The activities outlawed by the ECA fall into five categories: one category relates to unauthorised access to or use of an IS. This includes what is commonly called hacking and use of malicious software to harm an IS. The penalty prescribed by the said law for such activities is imprisonment up to six months and a fine, which may go up to one hundred thousand rupees.
The second category relates to use of cyberspace to cause unrest, commotion, or public disorder. The activities covered include hate speech (inter-faith, sectarian or racial); glorification of terrorism; and recruitment, funding or planning for terrorism. The maximum punishment for such offences is a 14-year sentence or a Rs50 million fine.
The third category comprises various fraudulent practices. Punishment includes both fine and imprisonment. The fourth category includes what may be called moral offences, such as harming the reputation or privacy of a person, intimidation, offences against modesty of a person, child pornography, and cyber stalking.
The fifth category consists of transmitting misleading or harmful information (spamming) and disseminating information from a counterfeit source (spoofing). All offences under the cybercrime law, save those relating to terrorism, and financial fraud, have been made compoundable and non-cognizable.
To investigate offences under the act, the federal government is authorised to establish a new agency or designate an existing agency. FIA is already entrusted with probing cyber crimes. An authorised officer of the agency is empowered to have access to specific data stored in any IS for the purpose of a criminal investigation. The officer shall within 24 hours report acquisition of the data to the court, which may pass orders for retention of the data or otherwise.
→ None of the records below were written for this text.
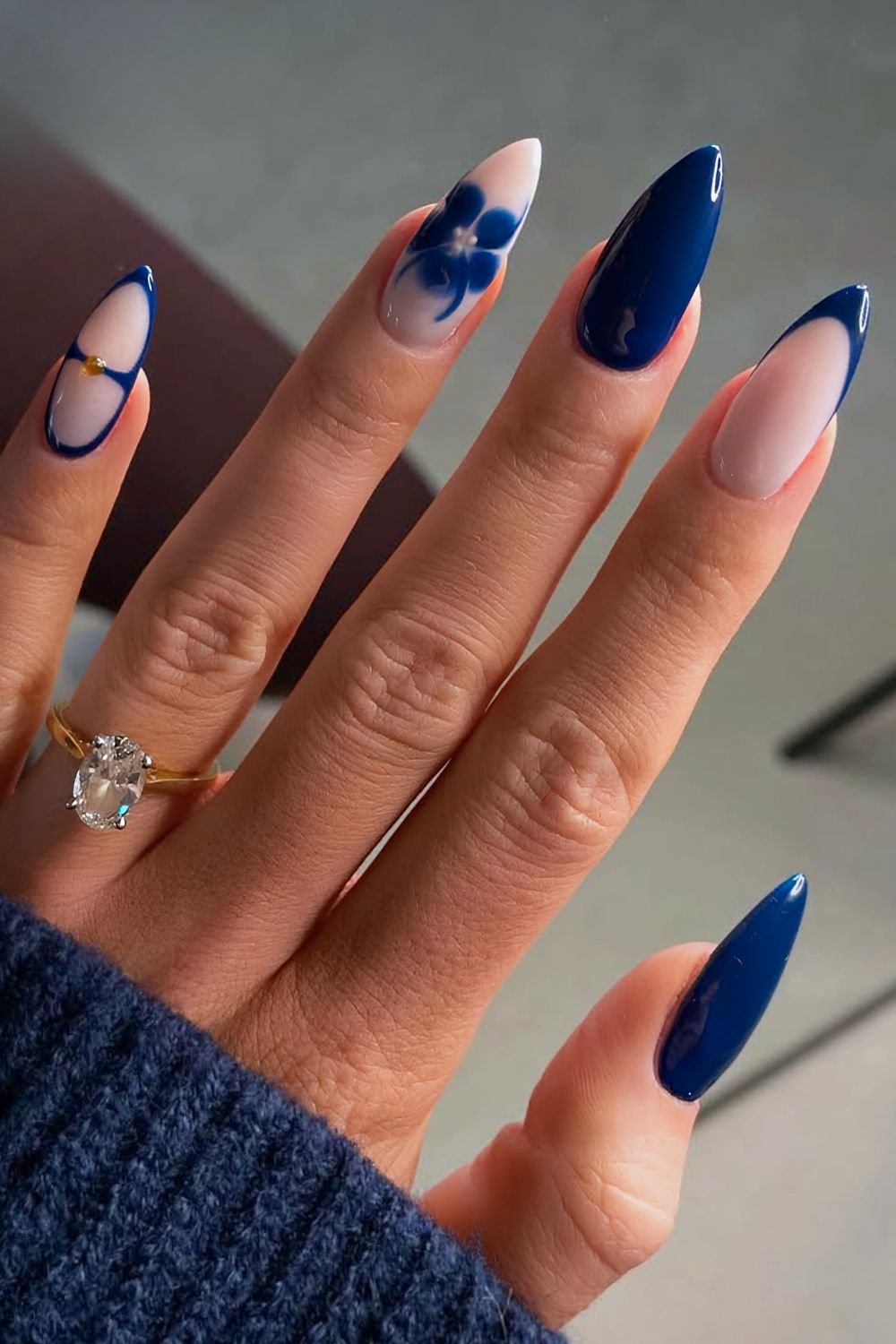 Navy blue nails with blooming gel floral accent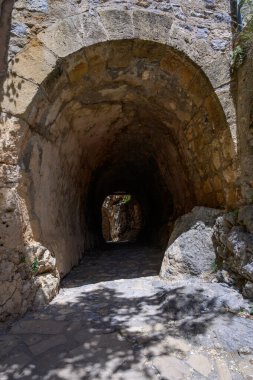 Kuzey Kıbrıs 'taki ortaçağ St. Hilarion Şatosu' ndaki dar taş koridor. Antik duvarlar ve kemerler gizemli tarihi bir atmosfer yaratır..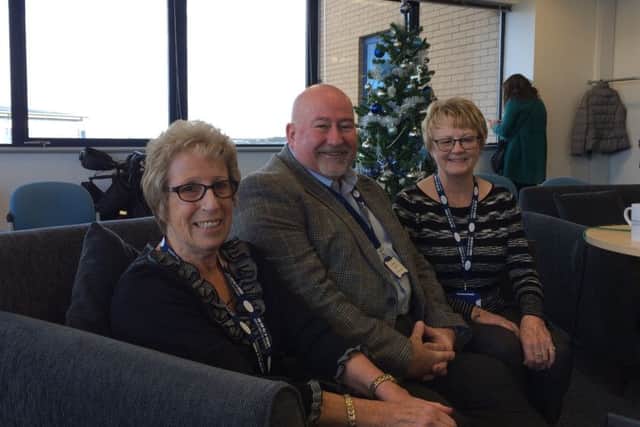 Ian Williamson-Owen, Wilma Cunliffe and Jean Carter, volunteers at The Silver Line in Blackpool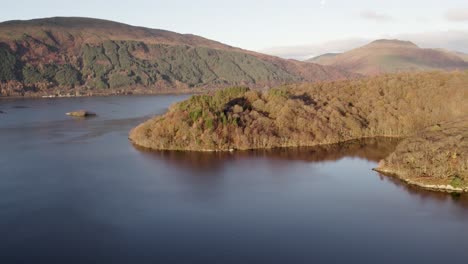 Left-roll-with-righ-pan-aerial-drone-footage-revealing-Ben-Lomond,-Beinn-Dubh-and-Beinn-Bhreac-mountains-during-an-autumn-sunrise-with-native-broadleaf-woodland-and-Loch-Lomond-foreground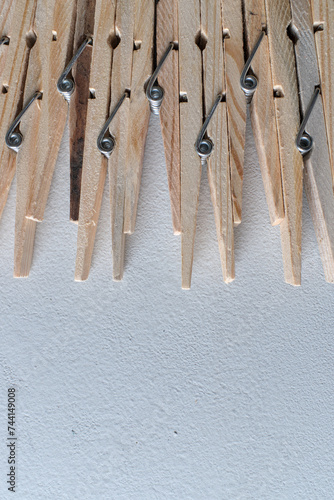 closeup on top view of wooden clothespins on white background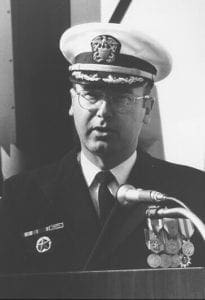 A black and white photo of a man in uniform.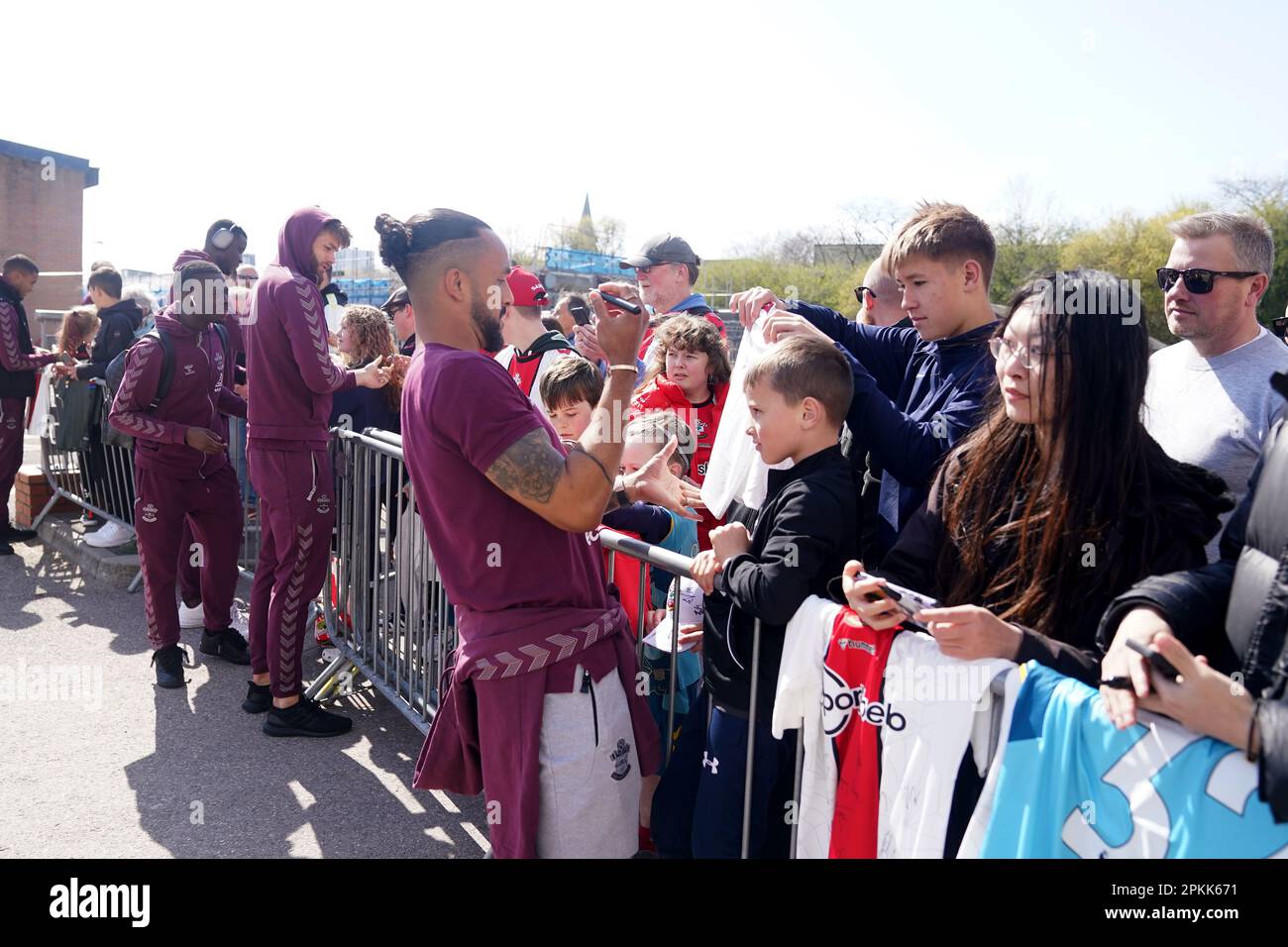 Southampton's Theo Walcott signs autographs for fans outside the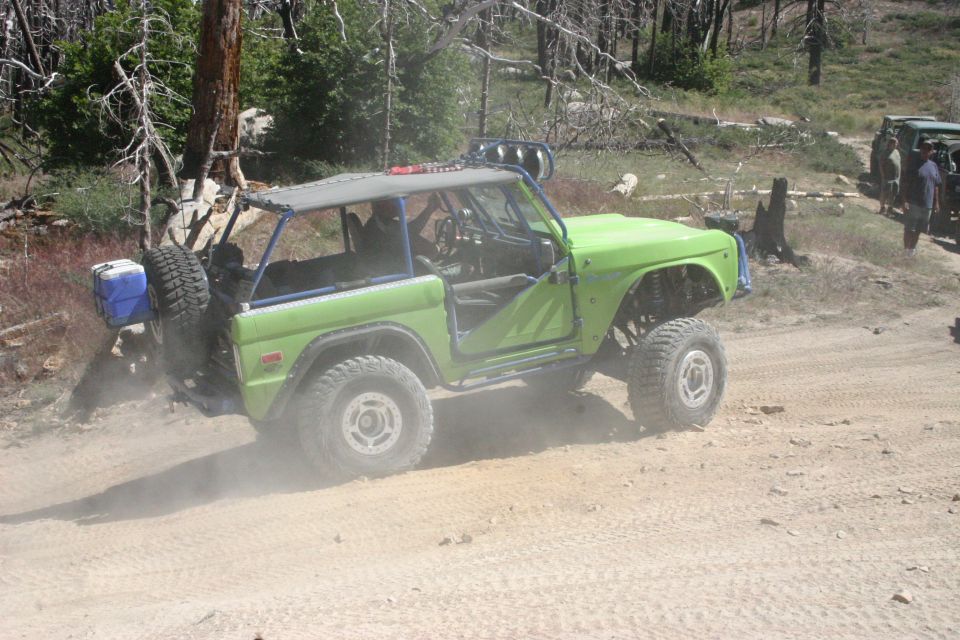 Green off-road Bronco with roll cage on dirt road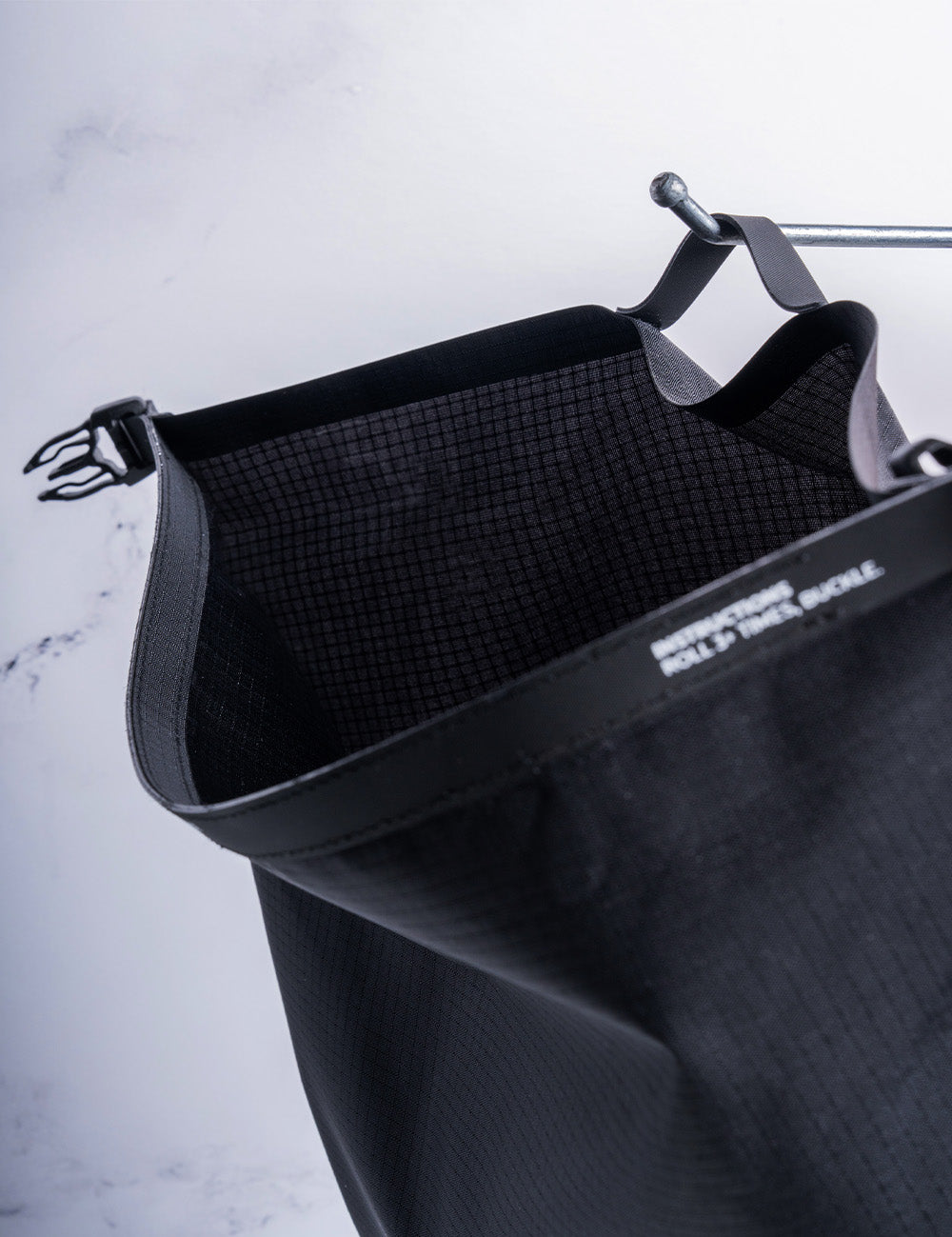 black toiletry bag hanging from hook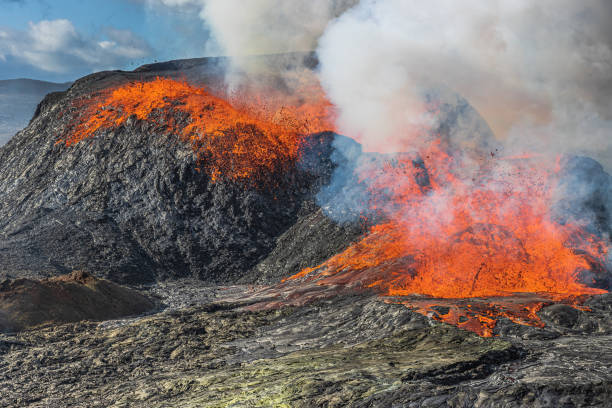 istock Volcanic crater with glowing hot lava 1445203583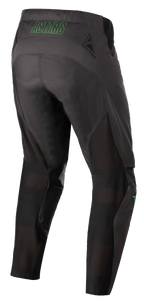 Pantalones Alpinestars Techstar Phantom, pantalones de motocross, antracita y verde neón, vista trasera con la marca 'ASTARS' en verde neón en la cintura, paneles de ventilación de malla en la parte posterior de las piernas y asiento reforzado para mayor durabilidad en carreras off-road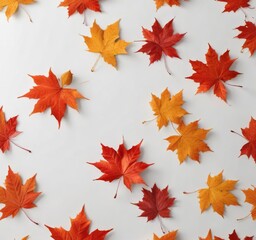 Obraz premium Red and orange maple leaves scattered on white surface, white background, autumn decor, nature photography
The Pakistan Telecommunications Authority (PTA), the country’s internet watchdog, has been empowered to remove or block any on-line content on religious, ethical or security grounds. Any decision of the PTA can be challenged in the high court.
The act has extra-territorial application if a forbidden act constitutes an offence and affects a person, property, information system or data located in Pakistan. This is a logical provision because cybercrime is international in scope. The provisions of the ECA override any conflicting provision contained in any other law.
On the whole, the ECA represents a reasonable attempt to regulate cyberspace in the country with adequate safeguards in the interest of internet users. Here are some examples: one, most of the offences have been made non-cognizable and compoundable. In case of a non-cognizable offence, a person can’t be arrested without a warrant; nor can investigations initiate without court orders. In case of compoundable offences, the complainant can drop charges against the accused following a compromise.
Two, the investigating agency is required to report acquisition of data to the court for subsequent order. Three, the PTA’s decision to suppress any web content is challengeable before the superior judiciary.
That said, some of the provisions may unreasonably interfere with citizens’ freedom of expression. For instance, sending messages without the receiver’s consent has been made an offence. Instead of the blanket prohibition, the restriction should have been applied to only obnoxious messages.
By the same token taking a picture of any person and publicly sharing it without his/her consent has been outlawed. Again, such blanket prohibition had better been avoided. The act also prohibits sharing information which may harm the reputation of a person. The prohibition should apply only if the information is incorrect or the sharing is mala fide. However, even in that case care should be taken not to write off the dignity of the person.